Characterization of the ompL1 gene of pathogenic Leptospira species in China and cross-immunogenicity of the OmpL1 protein
1 Division of Basic Medical Microbiology, State Key Laboratory for Diagnosis and Treatment of Infectious Diseases, the First Affiliated Hospital of Medical College, Zhejiang University, Hangzhou Zhejiang, PR China
2 Department of Medical Microbiology and Parasitology, Medical College of Zhejiang University, Hangzhou Zhejiang, PR China
3 Medical School of Jinhua Professional Technique College, Jinhua Zhejiang, PR China
4 New York Presbyterian Hospital & Hospital for Special Surgery, Weill Medical College, Cornell University, New York, NY, USA
5 School of Natural Sciences, University of California, Merced, CA, USA
BMC Microbiology 2008, 8:223 doi:10.1186/1471-2180-8-223Published: 17 December 2008
The usefulness of available vaccine and serological tests for leptospirosis is limited by the low cross-reactivity of antigens from numerous serovars of pathogenic Leptospira spp. Identification of genus-specific protein antigens (GP-Ag) of Leptospira would be important for development of universal vaccines and serodiagnostic methods. OmpL1, a transmembrane porin of pathogenic leptospires, was identified as a possible GP-Ag, but its sequence diversity and immune cross-reactivity among different serovars of pathogenic leptospires remains largely unknown.
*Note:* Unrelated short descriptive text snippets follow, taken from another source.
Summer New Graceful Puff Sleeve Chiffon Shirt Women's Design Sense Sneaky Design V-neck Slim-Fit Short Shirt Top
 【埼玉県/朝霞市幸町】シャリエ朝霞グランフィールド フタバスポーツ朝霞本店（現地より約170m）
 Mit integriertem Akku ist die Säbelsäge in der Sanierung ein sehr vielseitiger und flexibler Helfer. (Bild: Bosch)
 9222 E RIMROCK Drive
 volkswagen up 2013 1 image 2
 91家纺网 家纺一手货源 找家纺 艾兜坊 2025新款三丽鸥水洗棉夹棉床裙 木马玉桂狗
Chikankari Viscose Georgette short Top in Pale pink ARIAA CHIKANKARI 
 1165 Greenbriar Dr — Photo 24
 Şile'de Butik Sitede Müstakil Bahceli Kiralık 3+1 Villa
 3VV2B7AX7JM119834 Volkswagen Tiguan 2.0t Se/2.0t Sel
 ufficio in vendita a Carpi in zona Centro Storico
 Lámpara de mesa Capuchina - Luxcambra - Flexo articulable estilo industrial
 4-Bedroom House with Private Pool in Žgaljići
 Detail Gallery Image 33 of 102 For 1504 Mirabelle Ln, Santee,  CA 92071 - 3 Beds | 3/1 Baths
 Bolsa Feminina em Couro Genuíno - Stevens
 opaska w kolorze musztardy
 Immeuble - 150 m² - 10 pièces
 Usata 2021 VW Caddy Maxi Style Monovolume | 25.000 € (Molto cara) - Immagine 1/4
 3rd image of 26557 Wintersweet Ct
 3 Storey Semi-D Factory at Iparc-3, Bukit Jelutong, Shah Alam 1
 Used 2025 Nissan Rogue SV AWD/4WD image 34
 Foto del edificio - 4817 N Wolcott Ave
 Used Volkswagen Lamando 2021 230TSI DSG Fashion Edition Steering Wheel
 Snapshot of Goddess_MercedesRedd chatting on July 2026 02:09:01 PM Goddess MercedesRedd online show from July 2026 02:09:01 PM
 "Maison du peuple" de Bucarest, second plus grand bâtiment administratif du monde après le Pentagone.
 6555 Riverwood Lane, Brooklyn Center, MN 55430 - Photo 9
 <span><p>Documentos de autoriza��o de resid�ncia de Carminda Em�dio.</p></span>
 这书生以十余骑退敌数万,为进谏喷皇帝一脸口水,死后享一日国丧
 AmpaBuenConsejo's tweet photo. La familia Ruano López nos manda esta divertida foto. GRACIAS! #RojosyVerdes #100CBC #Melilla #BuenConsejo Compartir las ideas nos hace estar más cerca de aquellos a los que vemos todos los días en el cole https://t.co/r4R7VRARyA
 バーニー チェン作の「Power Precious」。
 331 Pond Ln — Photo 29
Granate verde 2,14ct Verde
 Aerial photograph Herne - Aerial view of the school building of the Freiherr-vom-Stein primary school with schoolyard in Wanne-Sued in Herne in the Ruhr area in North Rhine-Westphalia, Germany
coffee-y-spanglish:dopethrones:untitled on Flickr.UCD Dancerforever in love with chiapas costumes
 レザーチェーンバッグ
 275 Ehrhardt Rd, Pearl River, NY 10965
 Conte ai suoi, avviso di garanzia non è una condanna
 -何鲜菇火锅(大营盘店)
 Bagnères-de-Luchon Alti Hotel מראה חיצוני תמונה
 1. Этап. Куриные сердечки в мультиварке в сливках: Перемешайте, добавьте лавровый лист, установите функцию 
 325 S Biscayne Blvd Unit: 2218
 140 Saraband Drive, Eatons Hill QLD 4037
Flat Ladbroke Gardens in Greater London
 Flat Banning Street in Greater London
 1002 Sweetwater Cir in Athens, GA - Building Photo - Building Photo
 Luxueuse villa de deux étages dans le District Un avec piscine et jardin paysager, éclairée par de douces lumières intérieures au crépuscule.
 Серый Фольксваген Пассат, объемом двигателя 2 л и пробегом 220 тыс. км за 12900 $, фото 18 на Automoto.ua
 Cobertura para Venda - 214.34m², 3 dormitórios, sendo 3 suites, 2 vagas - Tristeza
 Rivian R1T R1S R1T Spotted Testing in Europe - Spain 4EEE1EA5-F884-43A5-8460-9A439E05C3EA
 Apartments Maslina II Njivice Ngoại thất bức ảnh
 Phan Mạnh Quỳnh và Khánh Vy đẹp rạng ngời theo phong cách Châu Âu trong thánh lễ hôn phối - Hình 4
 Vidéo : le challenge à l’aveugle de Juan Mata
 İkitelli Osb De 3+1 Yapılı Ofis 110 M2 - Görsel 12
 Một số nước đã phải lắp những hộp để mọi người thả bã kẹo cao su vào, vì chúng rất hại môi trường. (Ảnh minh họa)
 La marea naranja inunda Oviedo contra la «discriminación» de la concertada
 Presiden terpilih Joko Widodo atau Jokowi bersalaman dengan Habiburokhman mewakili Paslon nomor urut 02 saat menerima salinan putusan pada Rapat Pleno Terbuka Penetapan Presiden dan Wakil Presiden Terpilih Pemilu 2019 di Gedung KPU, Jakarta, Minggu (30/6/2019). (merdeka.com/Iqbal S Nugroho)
PCR analysis demonstrated that the ompL1 gene existed in all 15 official Chinese standard strains as well as 163 clinical strains of pathogenic leptospires isolated in China. In the standard strains, the ompL1 gene could be divided into three groups (ompL1/1, ompL1/2 and ompL1/3) according to their sequence identities. Immune electron microscopy demonstrated that all products of the different gene types of ompL1 are located on the surface of leptospires. The microscopic agglutination test revealed extensive yet distinct cross-immunoagglutination among the antisera against recombinant OmpL1 (rOmpL1) and leptospiral strains belonging to different ompL1 gene types. These cross-immunoreactions were further verified by ELISAs using the OmpL1 proteins as the coated antigens in serum samples from 385 leptospirosis patients. All the antisera against rOmpL1 proteins could inhibit L. interrogans strain Lai from adhering to J774A.1 cells. Furthermore, immunization of guinea pigs with each of the rOmpL1 proteins could cause cross-immunoprotection against lethal challenge with leptospires from different ompL1 gene types.
Three types of the ompL1 gene are present in pathogenic leptospires in China. OmpL1 is an immunoprotective GP-Ag which should be considered in the design of new universal vaccines and serodiagnostic methods against leptospirosis.